The group’s operating costs grew by 10% compared to 2019 owing to foreign currency exchange rate movements, imports, utilities costs, repair and maintenance. An operating profit margin of 4% was attained down from 8% in prior year.

Revenues for the group, however, increased by 5% to ZWL$5.2bn during the reviewed period from ZWL$5bn reported in 2019. Export revenue was affected by border lockdown restrictions and was lower than prior year by 6%.

Sales volumes were 12.5% below 2019. The performance was particularly affected by a lacklustre outturn in the second quarter in which volumes dropped by 48% on year on year due to Covid-19 restrictions that impacted trading hours and sales channels.

“The operating environment was challenging.
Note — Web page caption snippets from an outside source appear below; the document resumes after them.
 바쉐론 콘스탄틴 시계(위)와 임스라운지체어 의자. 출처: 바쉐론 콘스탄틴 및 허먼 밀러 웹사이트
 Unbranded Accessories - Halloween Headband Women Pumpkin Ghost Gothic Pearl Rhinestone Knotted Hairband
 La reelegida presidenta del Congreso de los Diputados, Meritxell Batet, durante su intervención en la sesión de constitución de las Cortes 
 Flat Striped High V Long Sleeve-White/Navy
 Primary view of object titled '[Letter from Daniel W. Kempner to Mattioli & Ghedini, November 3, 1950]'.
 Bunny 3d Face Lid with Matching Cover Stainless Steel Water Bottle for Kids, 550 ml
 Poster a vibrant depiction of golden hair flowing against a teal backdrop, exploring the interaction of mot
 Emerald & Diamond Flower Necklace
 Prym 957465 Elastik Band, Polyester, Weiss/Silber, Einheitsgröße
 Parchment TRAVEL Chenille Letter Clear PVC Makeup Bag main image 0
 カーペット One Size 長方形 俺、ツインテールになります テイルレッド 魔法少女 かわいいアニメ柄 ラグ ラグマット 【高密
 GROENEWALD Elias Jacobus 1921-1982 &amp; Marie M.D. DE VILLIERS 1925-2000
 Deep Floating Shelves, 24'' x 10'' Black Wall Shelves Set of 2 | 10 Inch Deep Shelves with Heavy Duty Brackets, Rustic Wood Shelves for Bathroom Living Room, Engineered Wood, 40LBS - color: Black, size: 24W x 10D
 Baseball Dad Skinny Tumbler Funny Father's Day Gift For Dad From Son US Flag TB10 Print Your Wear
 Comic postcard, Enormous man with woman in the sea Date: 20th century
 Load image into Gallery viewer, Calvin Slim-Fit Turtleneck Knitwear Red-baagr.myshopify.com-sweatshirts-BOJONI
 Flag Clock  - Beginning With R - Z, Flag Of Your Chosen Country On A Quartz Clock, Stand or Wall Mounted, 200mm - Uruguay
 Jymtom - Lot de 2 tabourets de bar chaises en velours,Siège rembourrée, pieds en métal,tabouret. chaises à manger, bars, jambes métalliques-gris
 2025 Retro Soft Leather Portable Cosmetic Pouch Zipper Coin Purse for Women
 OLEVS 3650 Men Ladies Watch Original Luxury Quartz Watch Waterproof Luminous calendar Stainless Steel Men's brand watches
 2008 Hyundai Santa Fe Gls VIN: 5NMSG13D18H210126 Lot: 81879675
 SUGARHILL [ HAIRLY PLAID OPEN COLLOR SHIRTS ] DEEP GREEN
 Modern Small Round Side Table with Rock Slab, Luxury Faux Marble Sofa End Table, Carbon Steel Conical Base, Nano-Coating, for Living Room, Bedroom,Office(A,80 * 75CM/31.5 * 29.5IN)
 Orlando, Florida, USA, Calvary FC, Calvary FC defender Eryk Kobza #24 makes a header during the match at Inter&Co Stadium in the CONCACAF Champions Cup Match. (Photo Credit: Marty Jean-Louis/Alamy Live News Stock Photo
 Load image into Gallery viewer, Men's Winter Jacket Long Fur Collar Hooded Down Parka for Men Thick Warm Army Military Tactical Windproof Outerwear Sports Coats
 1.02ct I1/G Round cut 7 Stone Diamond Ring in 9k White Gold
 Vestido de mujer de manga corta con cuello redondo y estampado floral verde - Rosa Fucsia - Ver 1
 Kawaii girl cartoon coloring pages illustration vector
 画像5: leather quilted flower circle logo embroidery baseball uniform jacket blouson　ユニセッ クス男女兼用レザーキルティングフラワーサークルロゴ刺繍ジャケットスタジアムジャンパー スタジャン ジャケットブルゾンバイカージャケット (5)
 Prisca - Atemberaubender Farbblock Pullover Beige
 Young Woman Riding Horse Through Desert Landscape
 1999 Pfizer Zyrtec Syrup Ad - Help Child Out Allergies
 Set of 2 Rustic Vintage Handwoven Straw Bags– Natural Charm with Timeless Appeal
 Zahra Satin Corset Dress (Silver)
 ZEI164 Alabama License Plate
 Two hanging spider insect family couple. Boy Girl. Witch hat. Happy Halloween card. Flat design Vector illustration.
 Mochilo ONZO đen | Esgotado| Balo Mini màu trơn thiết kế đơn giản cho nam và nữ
Despite the improved business operating environment in the second half of the year, some negative impacts remained throughout   such as increased lead times  across supply chains,  increased labour and utility costs  as well as increased  Covid-19 mitigation costs,” Dairibord board chairman, Josphat Sachikonye said.

He said the liquid milks category declined by 9% due to the decline in raw milk intake and supply constraints in the importation of milk powders.

The decrease in raw milk intake was as a result of stock feed prices due to its shortages culminating from droughts in proceeding years.

The beverages category declined 19% while the food category which has the highest value and margins increased by 9% over 2019.

However, Dairibord registered a significant growth in domestic foreign currency sales.

Total foreign currency revenue increased by 123% over 2019 and accounted for over 13% of the total inflation adjusted revenue.

The revenue generated coupled with the proceeds from the forex auction market contributes towards meeting the company’s import bill.

Cashflows generated from operations improved to ZWL$238m on account of improved working capital management to support growth, the business made investments in inventories and prepayments for the procurement of imported material.

The interest bearing borrowings increased to ZWL$440m from ZWL$28.8m to support working capital.

Sachikonye said the gearing ratio at 20% was still within the board’s risk appetite.

Forex liabilities were reduced to US$180,000 from US$900,000, reflecting a 76% drop which is in line with the company’s strategy to minimise forex exposure.

Going forward, the company is optimistic that good rains will improve supplies into the company’s supply chain and reduce dependency on imports.

The company’s strategy is to leverage investments in brands, human capital, plant, equipment as well as focusing on collaborations across the value chain to optimise results.